Unknown Doodl3.2 said:


> Off the top of my head...
> 
> *Immolation*
> Metallica (early)
> ...



I like Mike's lyrics, but, I don't know. I didn't mean he wasn't a great songwriter, I just think he abuses the thesaurus too much. Then again, so do I, so I'm probably just projecting.
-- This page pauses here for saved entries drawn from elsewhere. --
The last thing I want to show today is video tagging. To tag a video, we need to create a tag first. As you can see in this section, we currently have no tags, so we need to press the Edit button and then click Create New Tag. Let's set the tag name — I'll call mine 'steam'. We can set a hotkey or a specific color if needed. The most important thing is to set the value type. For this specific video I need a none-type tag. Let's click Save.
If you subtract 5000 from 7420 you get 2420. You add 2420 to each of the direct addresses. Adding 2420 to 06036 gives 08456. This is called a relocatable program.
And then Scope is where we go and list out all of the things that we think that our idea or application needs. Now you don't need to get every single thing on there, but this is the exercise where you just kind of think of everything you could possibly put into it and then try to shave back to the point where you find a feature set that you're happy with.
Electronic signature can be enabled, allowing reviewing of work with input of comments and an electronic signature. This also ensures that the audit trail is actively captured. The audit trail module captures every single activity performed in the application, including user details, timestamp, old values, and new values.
I like Petrucci's lyrics. Well, some of them. I love "Misunderstood." As it turns out, most of the songs I thought Petrucci wrote were actually by James.



renzoip said:


> Sonata Arctica!!



Jesus Christ, no. Thanks for reminding me of that horribly botched abortion of a song, "Shy."


----------



## troyguitar (Mar 13, 2009)

Nightwish maybe.

I don't listen to lyrics in any music. If I want to hear/read good writing, I'll pick up an actual book.


----------



## distressed_romeo (Mar 13, 2009)

Fates Warning?
Old Queensryche?


----------



## MikeH (Mar 13, 2009)

I know from a musical aspect, most people hate Whitechapel. But read some of the lyrics. Genius.

I also suggest:
After the Burial
All Shall Perish
The Faceless
The Black Dahlia Murder
The Human Abstract
Protest The Hero
Rose Funeral


----------



## yingmin (Mar 14, 2009)

Believe it or not, I actually think Phil Anselmo wrote some pretty great lyrics for Pantera. He definitely wrote his fair share of bullshit, but there was more than enough good that I think he comes out ahead.
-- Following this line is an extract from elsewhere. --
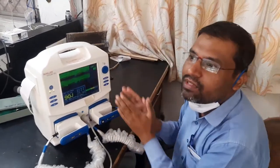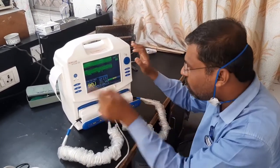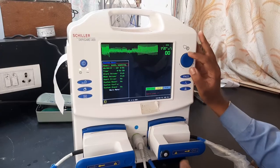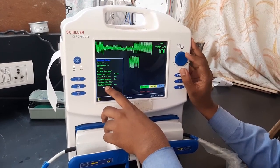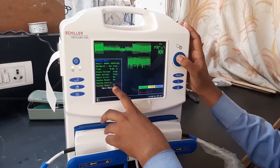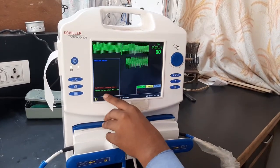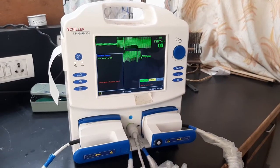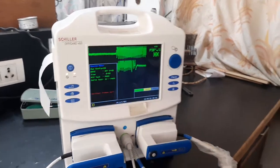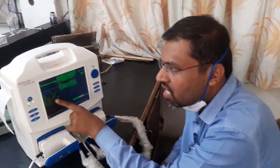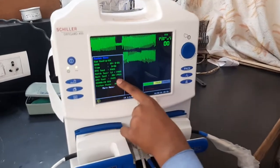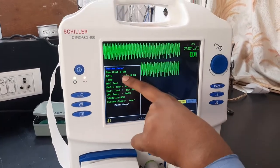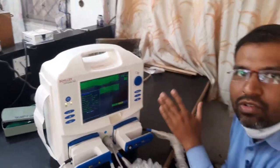One more thing — if you think there is a problem inside the machine, there is a self-test protocol. Go into menu, go to system, and at the last option you will get 'System Check.' Select self-test and press both discharge buttons simultaneously. Self-test is in progress — RTC test pass, defibrillator test pass, battery test pass, CPU test pass. System check complete — there is no problem inside the machine, everything passed. This means the machine is ready to use.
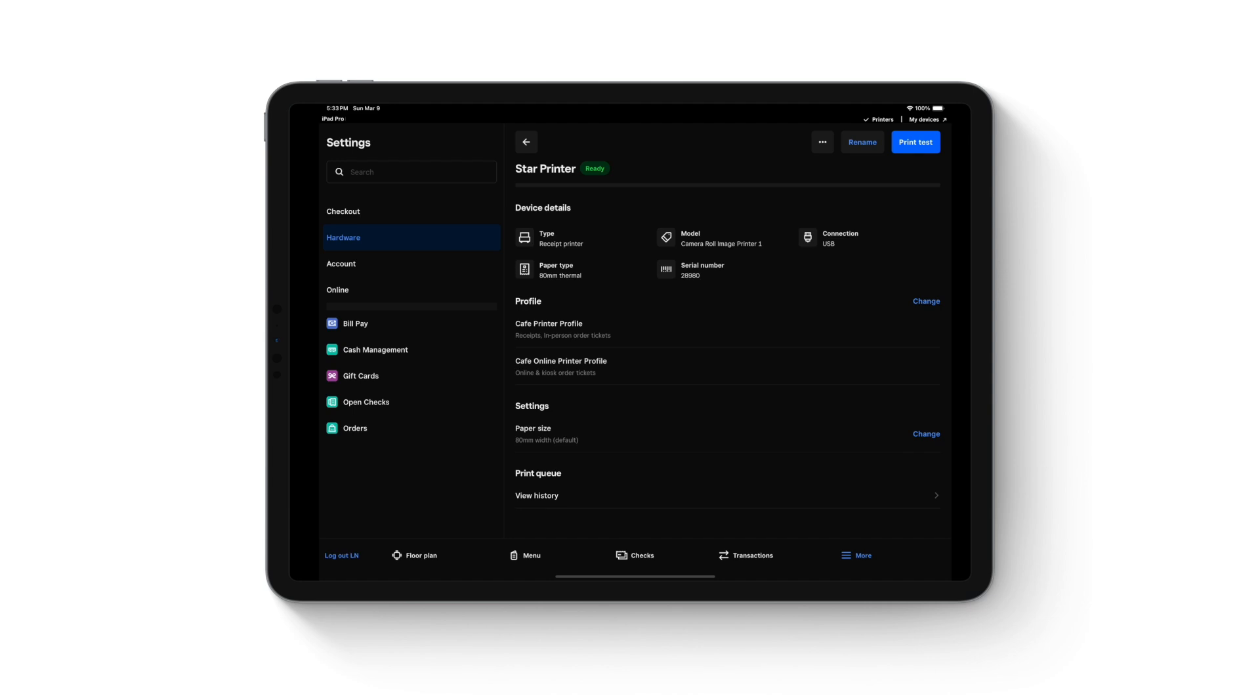For online orders, you want a dedicated point of sale to apply all the online order printer profiles to the respective printers. If you use a second point of sale, this will lead to duplicate prints.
Daylight Dies is great for really personal, depressing stuff. I think Kevin Moore's lyrics absolutely blow away those of any other Dream Theater member (I also prefer the music from the Moore years). Disillusion's lyrics are pretty eloquent. Despite fairly frequent mispronunciations, Vurtox's use of the English language is pretty impressive, I think. Pain of Salvation pre-Scarsick (i.e. not horrible goatshit) was great, although they're not a very "metal" band. I really enjoyed Mike Muir's lyrics from Suicidal Tendencies' thrash period, although they certainly lacked subtlety at times.


----------



## CynicEidolon (Mar 14, 2009)

One of the best lyricists ever is Aaron Turner. Not much of a singer per say, but he writes beautifully! 
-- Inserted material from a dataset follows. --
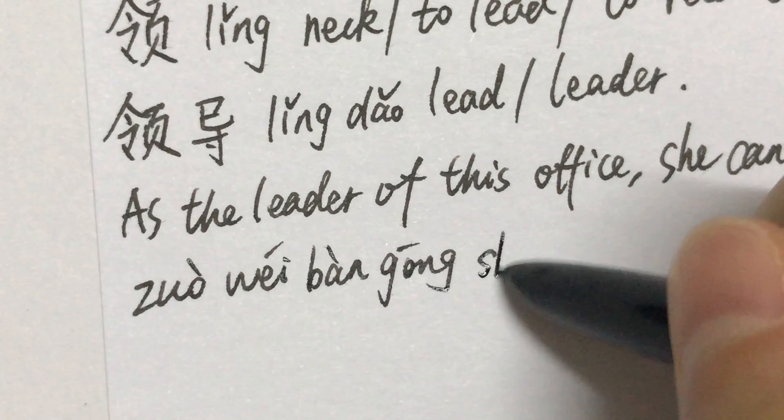As the leader of this office, she can work with everyone. 作为办公室的领导,她和每个人都合作得很好。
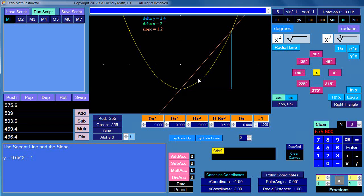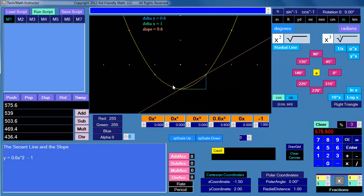I can change this secant line. In this case I've made it two points away and calculated the slope to be 1.2. Now if I move the secant point down one unit closer, let's see what happens to the slope. Now the line goes between here and here, and the slope has changed: the change in y is 0.6 in distance and the change in x is 1, so the slope is 0.6 — a smaller slope than it was before.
Isis is the band, that is.


----------



## vigil785 (Mar 14, 2009)

CynicEidolon said:


> One of the best lyricists ever is Aaron Turner. Not much of a singer per say, but he writes beautifully!
> 
> Isis is the band, that is.


 
+1
I agree, Isis is awesome. Their music videos are pretty crazy too.


----------



## jaredowty (Mar 14, 2009)

Holy Katana said:


> Metal has never really been about lyrics, but I know that there are some great metal songwriters out there, like John Petrucci, Warrel Dane, and to a lesser extent, Mikael Åkerfeldt.



Mikael and Warrel are two of my favorites but Petrucci's are just DRENCHED in cheese and blandness, IMO (as with most of DT's lyrics, although there are notable exceptions).


----------



## Harry (Mar 14, 2009)

Nevermore has always had some of my favorite lyrics in metal.


----------



## JouniK86 (Mar 14, 2009)

Cradle of Filth have great lyrics, even though kinda "outdated" as a style and way of writing. I also love Åkerfeldt's lyrics on Opeth, Schuldiner's lyrics on Death-albums (especially the records of 90s). I also like Peter Dolving's style on all the Haunted -albums he participated as well as Garm's minimalistic but multi-dimensional style (on latter Ulver).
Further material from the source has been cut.